As notas do tradutor são abundantes: na realidade a maioria delas se trata de notas explicativas para explicitação do conteúdo do texto original, que podem ser encontradas não só na tradução do texto de Northup em si, mas também naquela da introdução do livro e na de seu posfácio. A abundância de tal recurso provavelmente se dá em parte por conta de o relato ser não-ficcional (e assim, rico em fatos) e fazer referência a diversos elementos de conhecimento geral do leitorado da obra original, porém assumidamente desconhecidos pelo público brasileiro. Um exemplo seria a nota utilizada para explicar quem foi William Henry Harrison: “militar e político americano. Foi o nono presidente dos Estados Unidos e o primeiro a falecer durante o mandato” (p. 30). Outro exemplo, já no posfácio, seria quando ocorre a menção da Linha Mason-Dixon, explicada por Chang como “linha demarcatória estabelecida ainda na época colonial que separou os estados do Norte e do Sul, tornando-se sinônimo das diferenças culturais e políticas entre as duas áreas” (p. 269).

Um dos elementos interessantes da tradução de Chang foi sua escolha por manter determinados trechos em verso, como os cantos dos escravos encontrados nas páginas 177 e 178, em língua inglesa.
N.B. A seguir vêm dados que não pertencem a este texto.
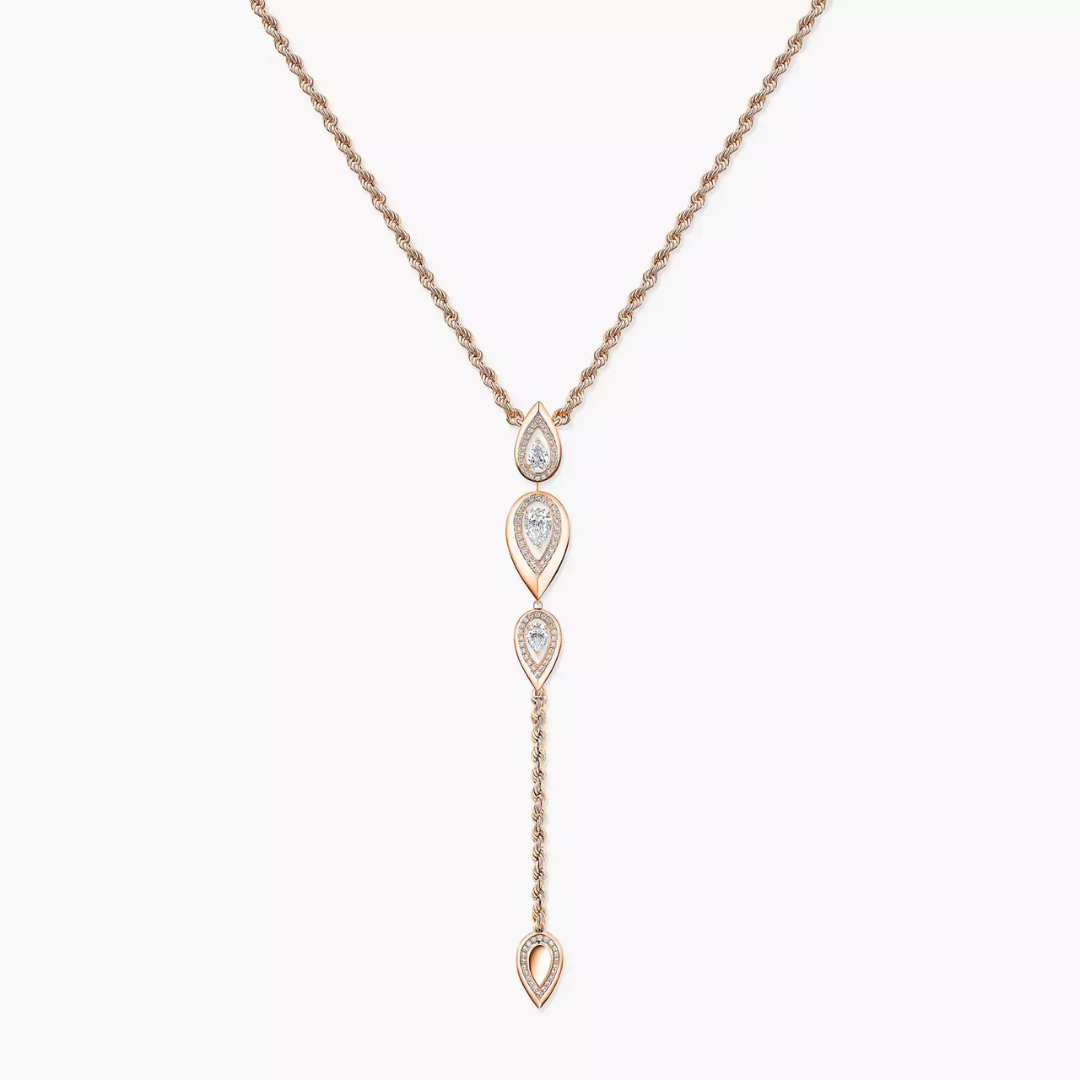 Fiery Tie Diamond Necklace 18ct Gold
Os cantos em questão são ricos em elementos dialetais do inglês afro-americano, e foram traduzidos somente em notas de rodapé, com poucas tentativas de demonstrar que a língua utilizada naqueles trechos é divergente da norma culta. É possível observar opções tradutórias como “Intão” em lugar de “Então”, e a concordância incorreta observada em “Dois feitor”. Embora Chang faça uso de um número consideravelmente menor de ocorrências de língua não-padrão em suas traduções do que o número presente no texto originário, ainda assim graças a alguns pontos fica claro para o leitor que se trata de uma passagem com carga dialetal. Ademais vale ressaltar, entretanto, que mesmo em um poema no qual originalmente não aparecem recursos da língua não-padrão, encontrado na página 209, Chang opta por apresentar a tradução somente como nota de rodapé. Com relação aos cantos com expressões dialetais, as quais no original acabam por implicar em um registro linguístico menos elevado, opções do português em um registro mais alto, como a utilização da ênclise “Façam-no”, na página 178 podem ser notadas.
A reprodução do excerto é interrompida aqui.